Happy Friday, everyone!
I felt as the marketing campaign is still doing so well and the launch for Zero (my first ever science fiction novel) at Fantasticon SciFi & Fantasy convention on Aug 16th is looming ever closer, it was high time to post an extract.
It took a little while but I settled on a section that has action, dialogue and drama but contains no spoilers and doesn’t need much background explination.
This is your chance to get a feel for the tone, characters and story. I hope you like what you find! If you do, you can pre-order signed copies through the marketing campaign as well as ebook bundles with exclusive bonus material!
General release for paperback and ebook on Amazon will be August 16th, same day as the book launch!
Oh, and it is now also on Goodreads should you wish to add it to your to-read lists :D
All you need to know about the build up to this bit of story is that the protagonist, Captain Hugo and his commander, Ezekial Webb, have been assigned a mission to break up a ring of terrorists-for-hire called the Splinters based on a space-bound colony called Lunar 1. They have found the ringleaders, Armin, Broenan, Ankle and Marlowe and have been joined by freelance smuggler Marilyn Harvey, who has her own agenda with the underground organisation.
(Warning: contains violence and adult language, oo-er)
“Where’s Webb?” Hugo asked when he opened the door to only Harvey.
“He won’t be long.”
Harvey scowled as she pulled her jacket off. “That Ankle’s a nasty piece of work. We followed him all over the sector. Webb only recognised some of the points he dropped in on but none of it was good news.”
“What sort of points?”
Harvey ran a hand over her shaved head. “Drugs. Weapons. Even dropped in on someone that Webb is sure is a blade.”
Hugo shuddered. “And then?”
Harvey turned a chair round and sat in it, rubbing her eyes. “We followed him back to his place. A hole it was too, under some barhouse in Sector 3.”
“We need to stop them before they execute this new contract. Their client wanted all of Lunar 1 brought to its knees. God knows what they want now that that’s not happened.”
“But how?” Harvey asked. “This shit called in on ten points at least today. Their connections are like a poxy great net over the entire colony. We can’t wipe it all out.”
“We have to think of something.”
Just then the buzzer went again and Hugo let in a harried-looking Webb.
“I have a plan,” he said as he moved across the room and shuttered the window.
Webb turned to face them, held their gazes a moment, jaw tight, then came forward whilst fishing something out of his pocket and put it on the table. Harvey looked at it and paled.
“Boot black?” Hugo asked, confused.
“Jesus, I don’t know Webb,” Harvey murmured. “If you’re suggesting what I think you’re suggesting…”

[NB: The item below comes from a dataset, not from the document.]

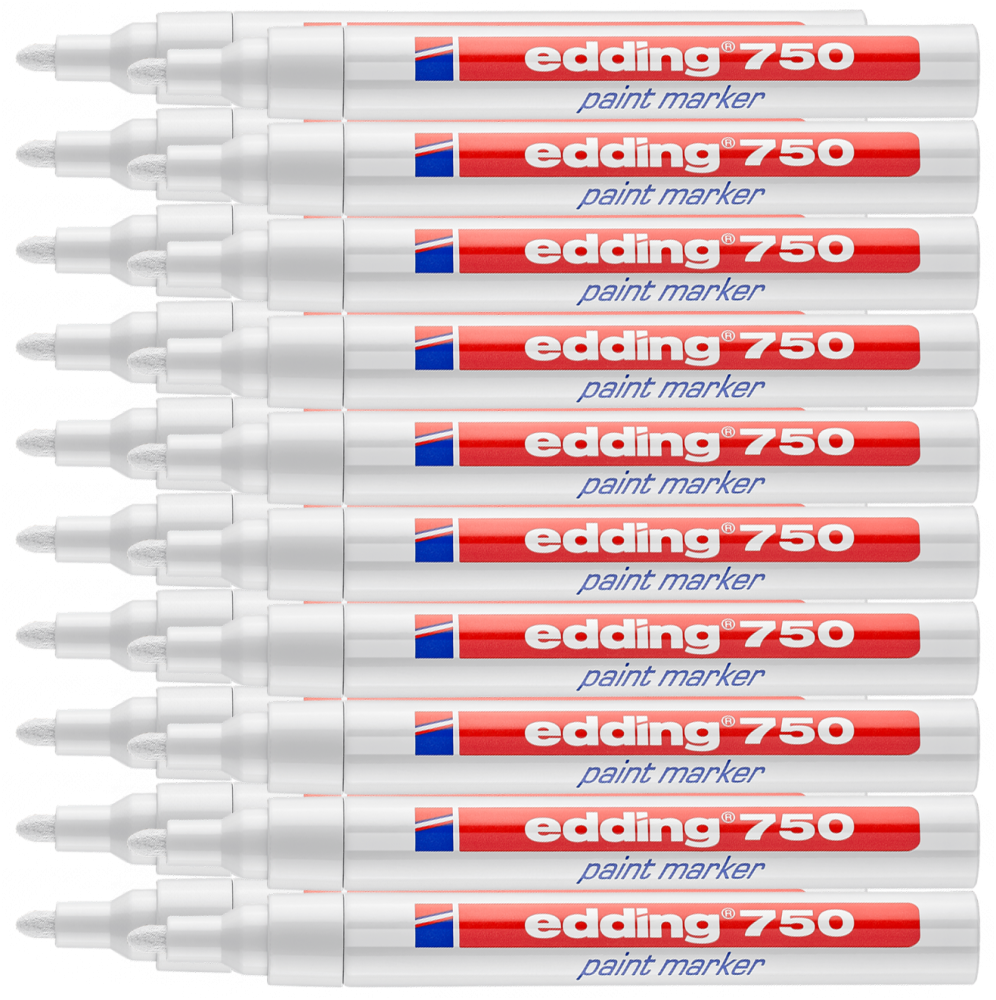 20x Marker olejowy edding 750, okrągła, 4mm biały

“Does someone want to fill me in?”
“The black cross,” Webb said.
Harvey shook her head. “It ain’t good. Some Lunar 1 folk sent some of that shit Haven way a few years ago. It wasn’t pretty.”
“What is it?” Hugo asked, getting impatient but the set look on Webb’s face sent uncertainty creeping through him.
“The black cross is a symbol. For revenge. For retribution. For the punishment of a grievous and personal sin,” the commander said, voice flat.
“Boot black?” Hugo repeated, though quieter this time.
“You wear it on your face,” Harvey ran a finger down the middle of her face then across her eyes. “Anyone sees you wearing a black cross…well…let’s just say it ain’t something you want to be seeing.”
Webb pulled a can of spray paint from another pocket of his cargo trousers and set it on the table next to the polish with a toothy rattle.
“We take them out in their homes,” he said, “where they think they’re safe. All four ringleaders. And we leave the mark.”
“Well if you’re after shitting people up…” Harvey said, eyeing the spray can like it might bite.
Hugo gathered himself. “And then what?”
“The whole network will fall apart. No one will want to be associated with anyone who’s died under a black cross.”
Hugo looked the commander in the eye. “How do you know Marlowe?”
“From a long time ago. It’s not relevant.”
Seeing the grim set of Webb’s face, Hugo didn’t push. “Marilyn, do you think it’ll work?”
She tore her eyes from the spray paint. “Yeah. If we can get all four of them without being caught or recognised… I think it’ll send whoever’s left into holes they won’t be in a hurry to climb out of.”
“Then we do it,” Hugo said, the words feeling heavy in his mouth.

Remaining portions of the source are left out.